“Visualize this thing that you want. See it, feel it, believe in it. Make your mental blueprint, and begin to build.”
How I discovered creative visualization
My journey of discovery of creative visualization began when I was about 16 or 17 years old in a basketball camp of all places. It was a very competitive atmosphere and there was not all that much meditation and spiritual activity going on at the time in this place. Not that I would have recognized what that was if it had hit me square in the face at that age and time in my life but my friends and I were there to compete and get better at the game we all loved. It just so happened that at one of the scheduled sessions we had to attend was being put on by a coach who took a different approach to the game, a mental approach.

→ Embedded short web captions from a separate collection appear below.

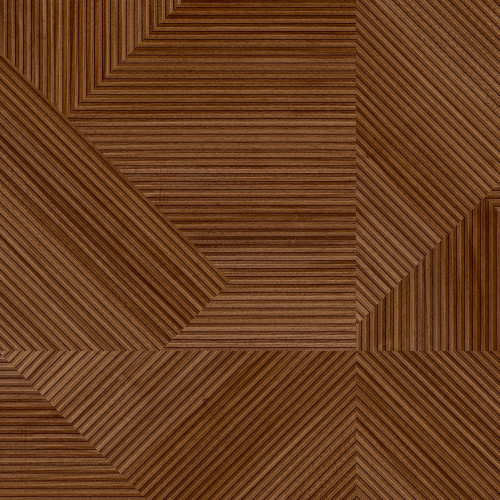 Tokyo Wood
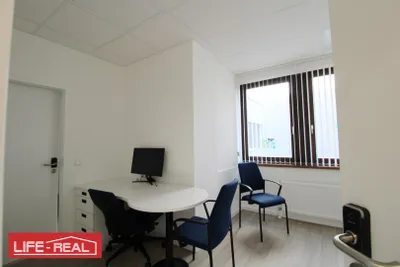 Gewerbeimmobilie mieten in Linz – 144 m², € 420 – Bild 9 von 21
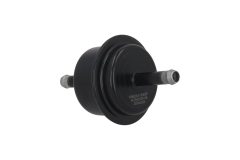 KAMOKA F606201 — Фильтр АКПП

This was in the late ’70s when sports psychology and mental preparation was not any more mainstream and practiced than jumping up and down in a team huddle getting pumped up for the tip-off. No one visualized their shot going in the hoop or how they would guard a certain player. It just wasn’t quite yet incorporated into sports like it is so second nature today. It wasn’t until the 1984 Summer Olympics in Los Angeles where a skinny white kid, Dwight Stones made a big splash with his mental prep technique before every jump. This coach was way before his time.
This was all going to change for me this day because I not only attended the session I volunteered to showcase exactly what the coach was showing us and teaching us. I did it because it interested me and because I figured this was all on him, I couldn’t fail so I had no fear. Because I made this decision to volunteer, I had one of the biggest paradigm shifts in my life. One that would change the way I thought about anything I ever wanted to accomplish.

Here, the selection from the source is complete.